ANN-based surrogate model for sensorial
rating
A surrogate model is developed for predicting \(q_{s}\). Perfume
sensorial data are generated by matching the general consumers’
preferences reflected in various perfume review websites. Here, the data
is used to represent consumers’ satisfaction. A total of 761 data
samples are uploaded in
https://github.com/zx2012flying/Perfume-Case-Study. These data
samples only involve the 48 ingredient candidates in Table 4. For each
data sample, the input data includes the selected ingredients and their
volume fractions. The output data is the overall sensorial rating. For
consistency, the ratings are scaled to [0, 100] with 100 denoting
the best smell. The minimum and maximum ratings for these samples are
50.2 and 89.7, respectively. Based on these data, several surrogate
models such as linear regression, artificial neuron network (ANN), and
support vector regression are built using the Surrogate Modeling
Toolbox, Pyrenn, and Scikit-learn packages in Python 3.6. The
hyperparameters are tuned manually and the model accuracy is evaluated
through 10-fold cross validation. A three-layer ANN model (i.e., one
input layer, one hidden layer, and one output layer) was found to offer
the highest accuracy. Figure S1 shows the schematic structure of the ANN
model. The tansig and purelin functions are applied in the hidden and
output layer, respectively. The number of neurons in the hidden layer is
tuned to be 8. Figure 4 presents the histogram of the absolute errors
between the true values and predicted values
(\(q_{s}^{\text{true}}-q_{s}^{\text{pre}}\)). 90% of the deviations
are less than 10. The mean average error (MAE) and mean average
percentage error (MAPE) are equal to 4.8 and 6.9%, respectively. This
ANN model provides an accurate prediction of \(q_{s}\), which is
explicitly expressed as
\(q_{s}=\sum_{l=1}^{8}{wo_{l}\bullet\ \ f_{h}(ah_{l})}+bo\) (21)

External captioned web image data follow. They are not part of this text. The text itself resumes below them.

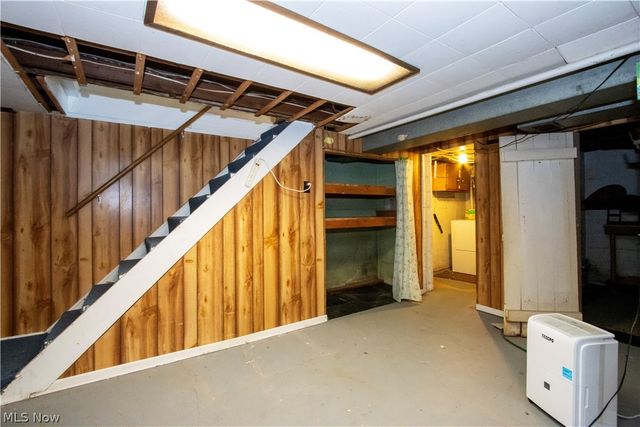 255 Wolf Avenue, Wadsworth, OH 44281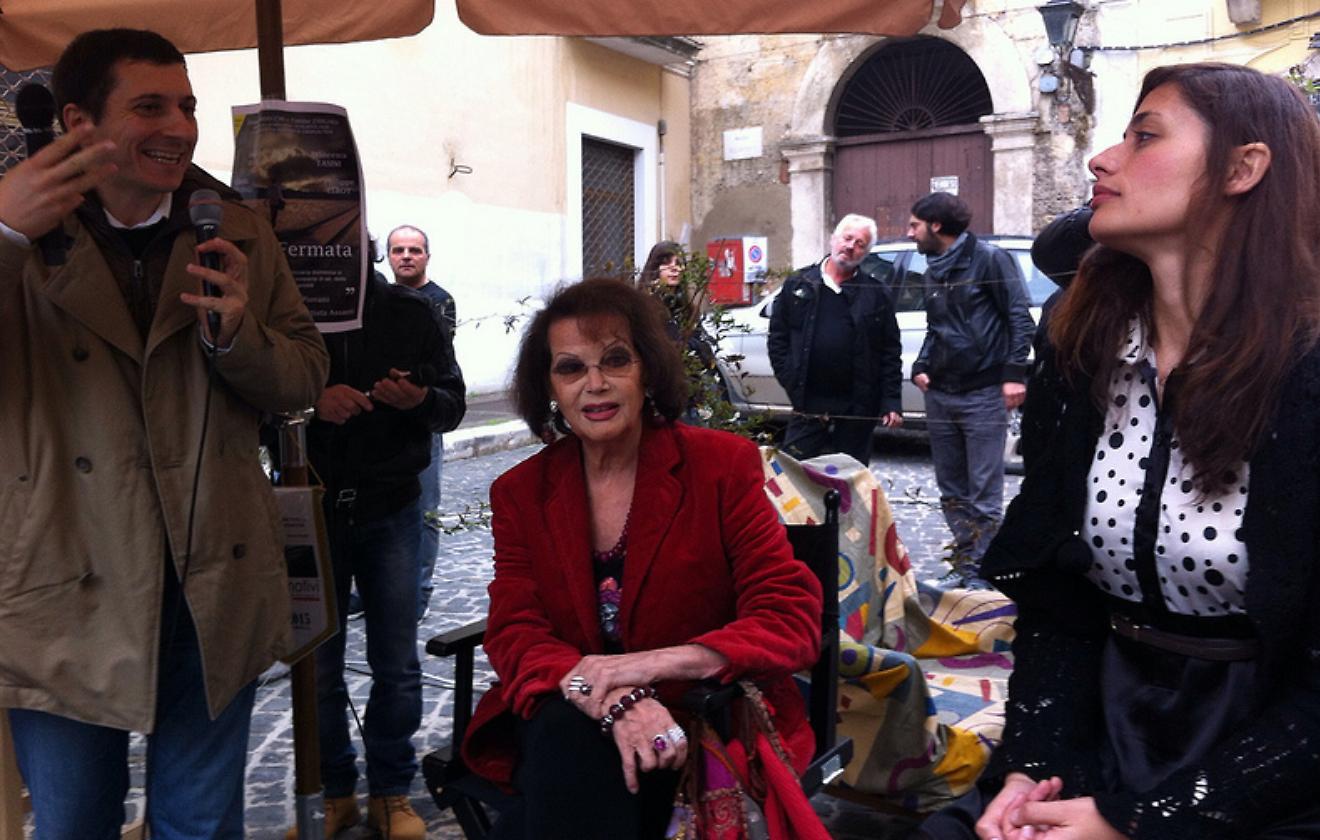 Claudia Cardinale alla conferenza stampa inquadrata con Francesca Tasini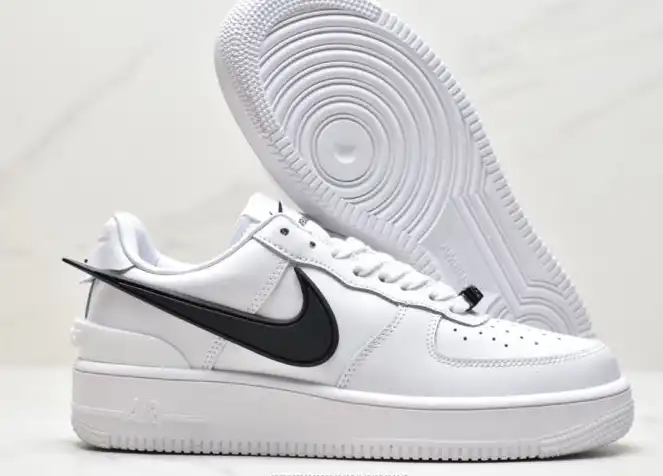 hype Nike Air Force 1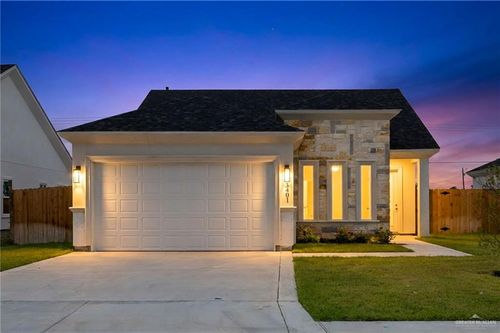 2308 Cardinal Dr, Weslaco, TX, 78599-7308 | Card Image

\(f_{h}\left(ah_{l}\right)=1-\frac{2}{1+e^{2\times ah_{l}}},\ \ \ l=1,\ldots,8\)(22)
\(ah_{l}=\sum_{i=1}^{48}{\text{wh}_{l,\ i}\bullet V}_{i}+bh_{l},\ \ \ \ l=1,\ldots,8\)(23)
where \(wo_{l}\) and bo are the weights and bias in the
output layer, respectively. \(f_{h}\) is the tansig function in the
hidden layer. \(ah_{l}\) is the intermediate variable in the hidden
layer. \(\text{wh}_{l,\ i}\) and \(bh_{l}\) are the weights and biases
in the hidden layer, respectively. These model parameters are provided
in the Github platform mentioned above.